Things I like this summer:

-Beaches
-Remembering the ferry schedule (or, alternately, forgetting the ferry schedule, calling a car service, waiting 3 hours for said car service, sitting in said car service's car for 2 hours, paying said car service $140, getting home from the beach at midnight)
-The song "Club Foot" by Kasabian
-All you can eat mussels, with a Stella on the side
-Dining outside. Just ignore the traffic, pollution and noise
-The fact that the 2007 MTV Movie Awards used "Club Foot" to open this year's show
-The fact that I used the same song to open my wife's Bash 8 fashion show two years ago
-Sarah Silverman's opening monologue at the MTV Movie Awards. Sarah, speaking about the recent panty-less outings of certain celebrities: "I see four of the most famous vaginas in Hollywood here tonight. Five, actually, I just saw Toby McGuire."
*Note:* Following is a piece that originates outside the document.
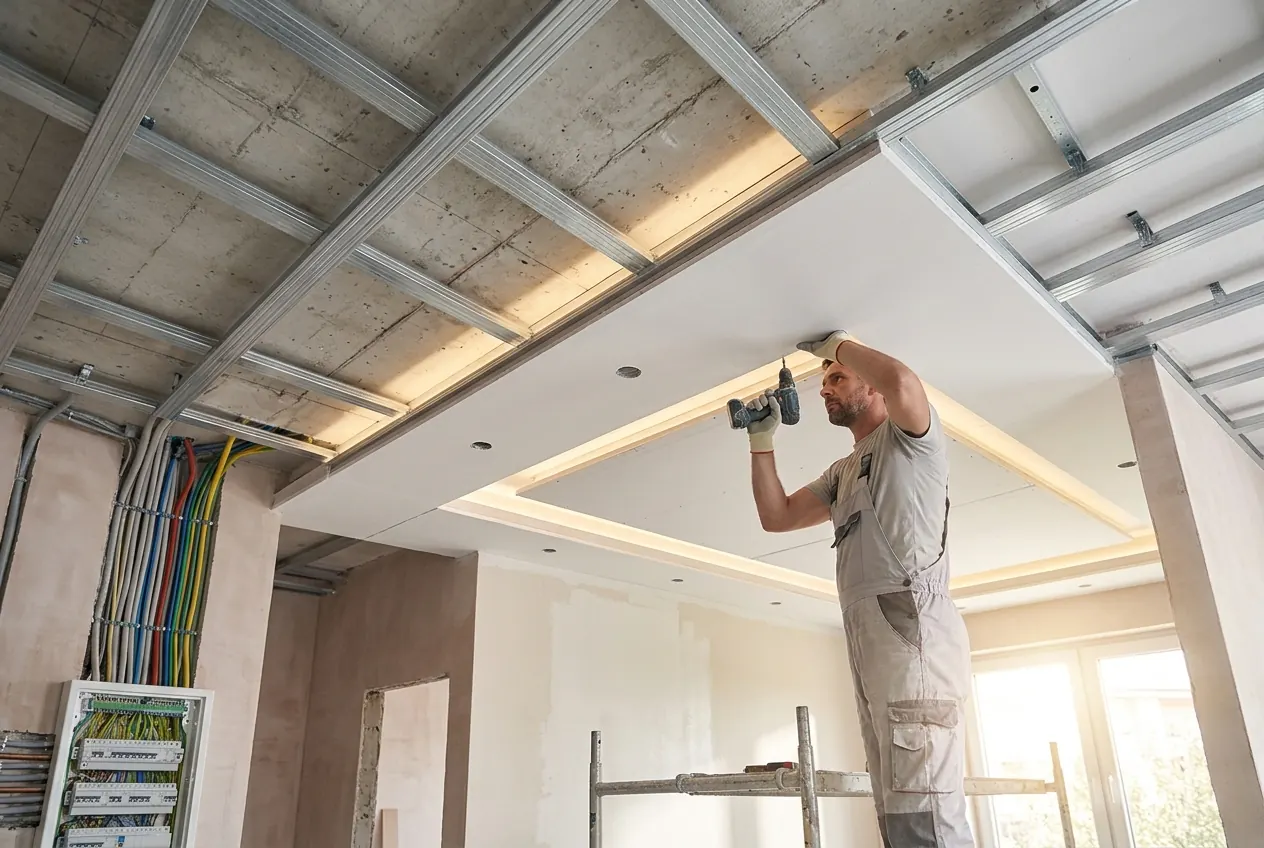 Şişli’de gizli LED aydınlatmalı alçıpan asma tavan montajı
I didn't like the rest of the awards. Maybe it's because I'm old and I remember when MTV played videos, or at least original programming (what the hell is up with full-day marathons of "Australia's Next Top Model"?). Or maybe it's because the entire production felt like a three-hour commercial for "Transformers."

Things I found ironic in my life:

-Watching the movie "Airplane" on an airplane while flying from New York to San Diego.

Quotes I found funny:

-Tom Arnold, in the so-unbelievable-its-bad-its-good movie "True Lies," talking about his ex-wife: "I get home and the ice cube trays are gone from the freezer! What kind of a sick bitch takes the ice cube trays out of the freezer?"
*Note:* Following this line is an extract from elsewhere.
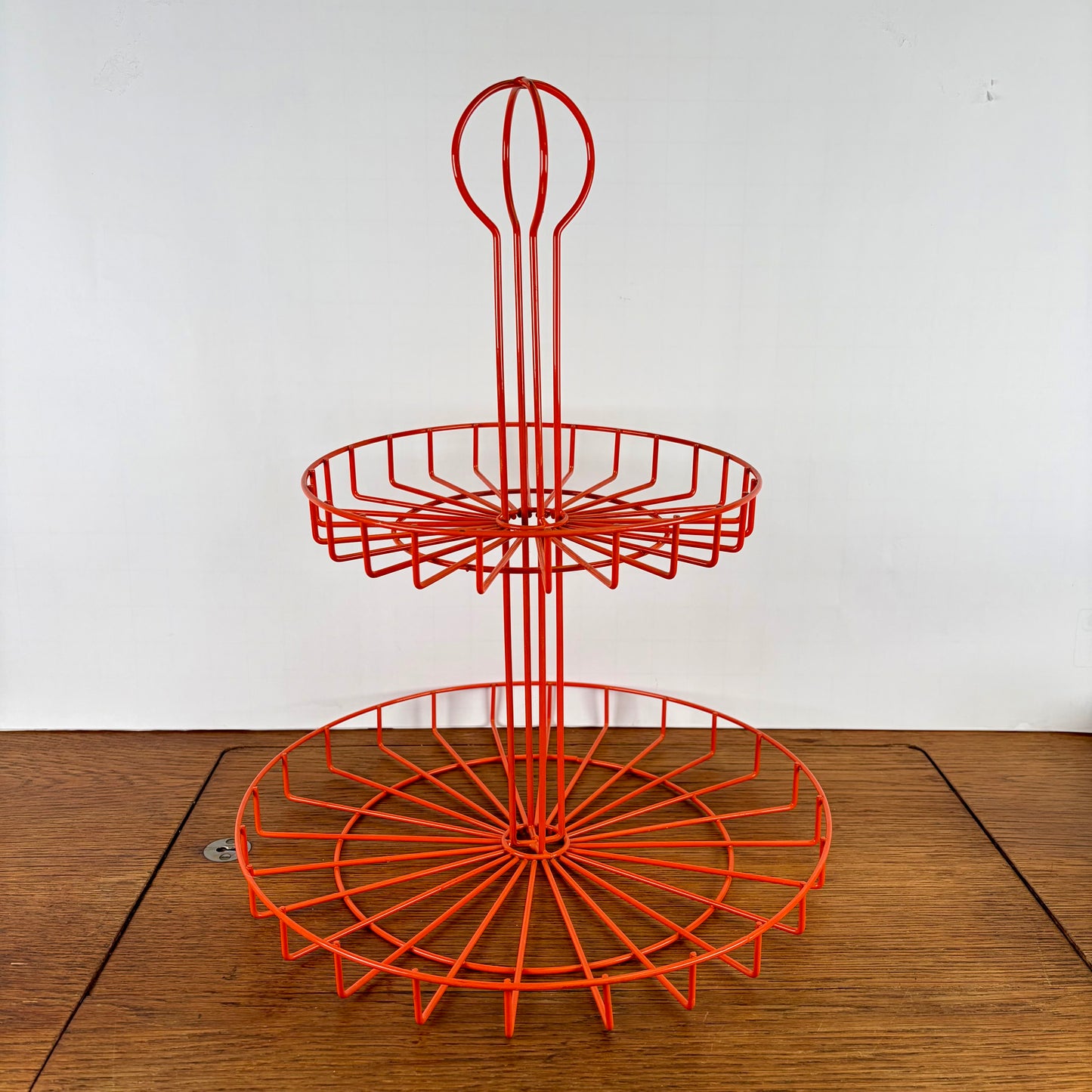 Vintage oranje etagere fruitschaal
Other miscellaneous thoughts:
-Do online mortgage advertisers not realize it is 2007? Why am I going to click on a dancing gnome to get a mortgage quote. Flashing "click now" in bright red and blue is helpful, too.
-I hate revolving doors, but I wonder: do revolving doors turn the opposite direction south of the equator?
-Street food is everywhere in Manhattan. I've become a regular at the fruit cart outside my building, but I think it is a little weird that he sells pineapples. Whole pineapples. What I am supposed to do, bring that up to my office, set it on my desk and pull out a machete?
-There is also tons of outdoor smoking here, since you can't smoke inside anywhere (which is awesome), so the image of a cigarette break is not unusual. What is unusual is the guy I saw taking a cigar break at lunch today.
-Does anyone besides me think the bow tie is making a comeback?
-And finally, yes, I do have plans this weekend. You know -- the typical New York night: going to a restaurant where it took me five months to get a reservation, and then going out to a small bar with no address where you actually have to call a phone number to get on the list and get the address, then pass through two security doors to get in. You know, just a normal night.